Give again, word for word, the line holding "فندق Sunlight Eco Tourism Island Resort" and every line after it through the end of the data below. Omit pictures.

━━ Entries supplied

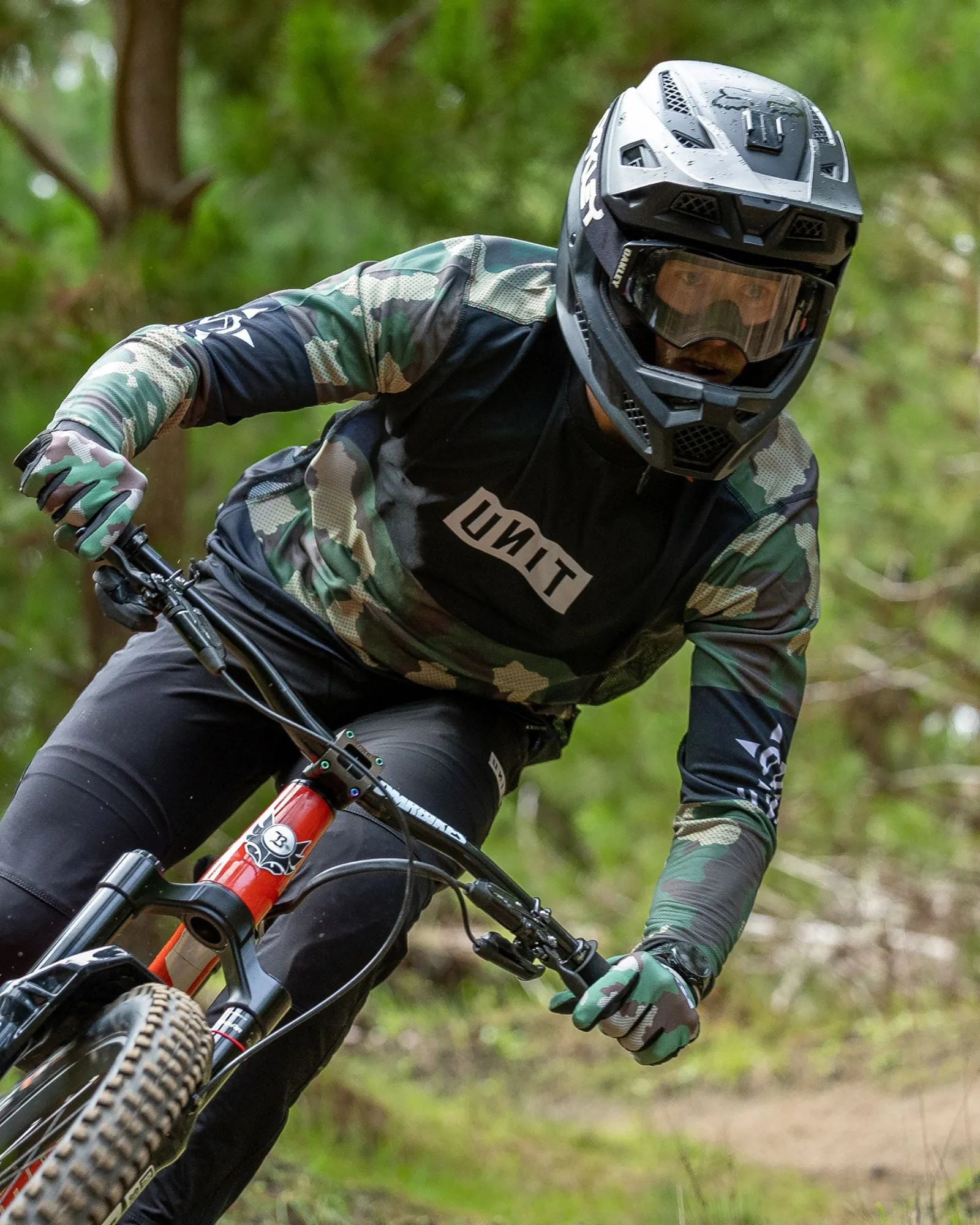 UNIT Siege Mens Jersey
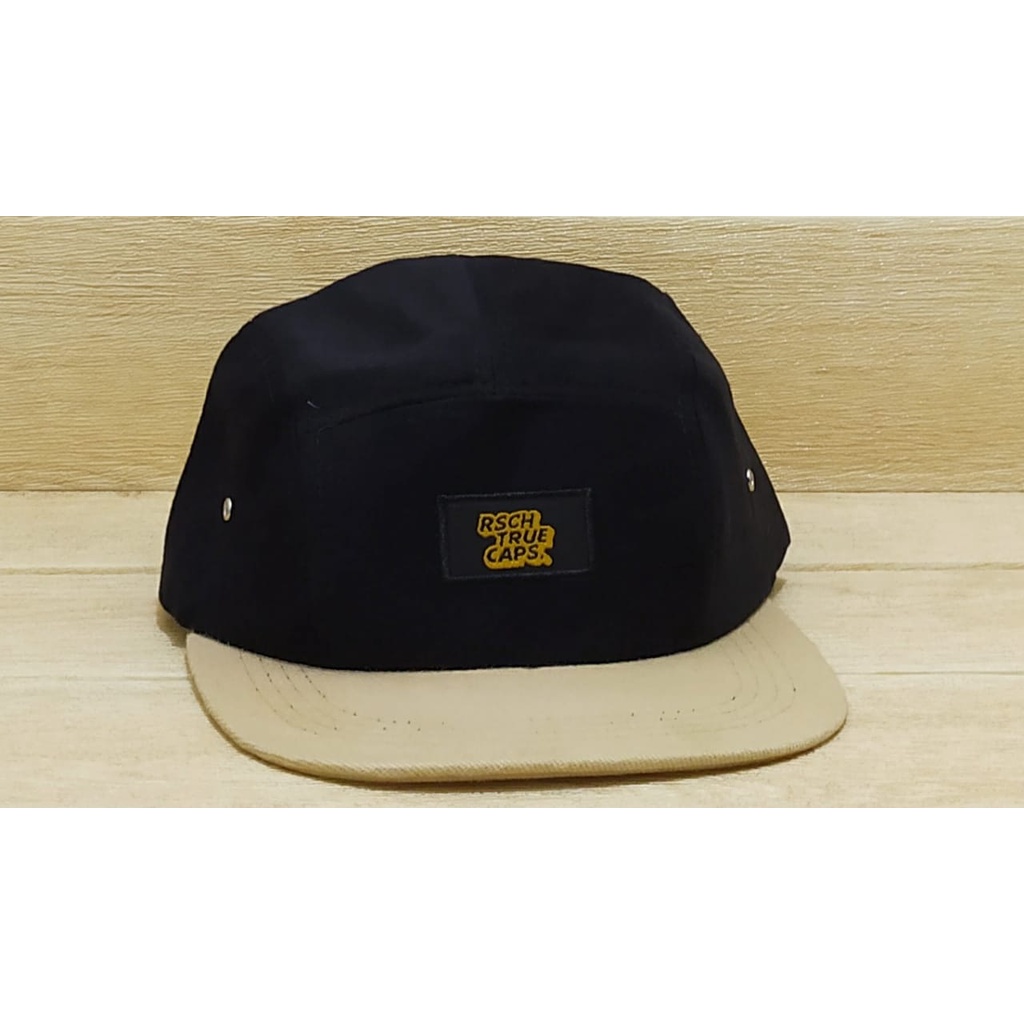 [COD]Topi Snapback Bordir Original Kombinasi Lima Panel/Topi Hip-Hop/Topi Distro Keren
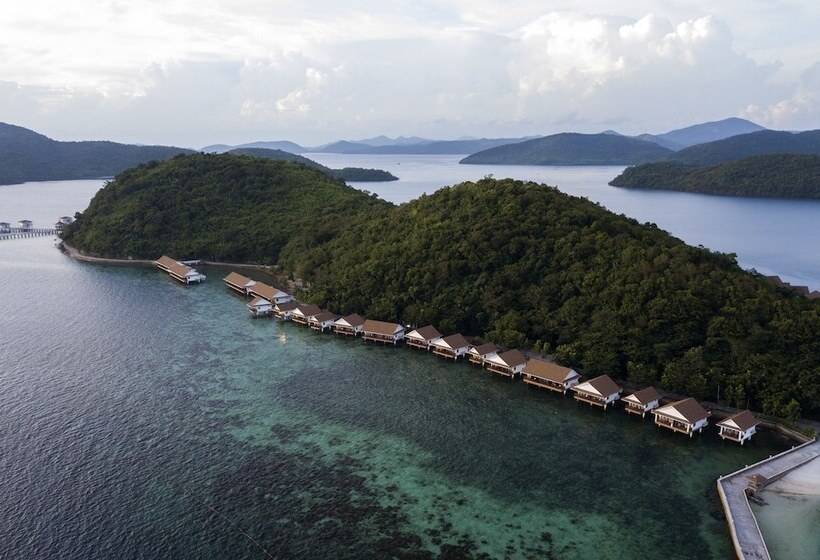 فندق Sunlight Eco Tourism Island Resort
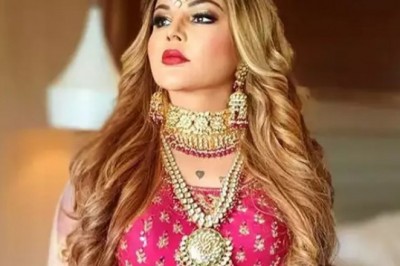 ड्रामा क्वीन की 'बिग बॉस 15' में एंट्री:राखी सावंत बोलीं-मैं अपने हस्बैंड से मरते दम तक अलग नहीं हो सकती, चाहे हमारे बीच में कोई भी हो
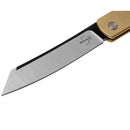 Boker Plus Zenshin 42 messing zakmes 440C roestvrij staal opvouwbaar EDC-mes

━━━━

Output below:
 فندق Sunlight Eco Tourism Island Resort
 ड्रामा क्वीन की 'बिग बॉस 15' में एंट्री:राखी सावंत बोलीं-मैं अपने हस्बैंड से मरते दम तक अलग नहीं हो सकती, चाहे हमारे बीच में कोई भी हो
 Boker Plus Zenshin 42 messing zakmes 440C roestvrij staal opvouwbaar EDC-mes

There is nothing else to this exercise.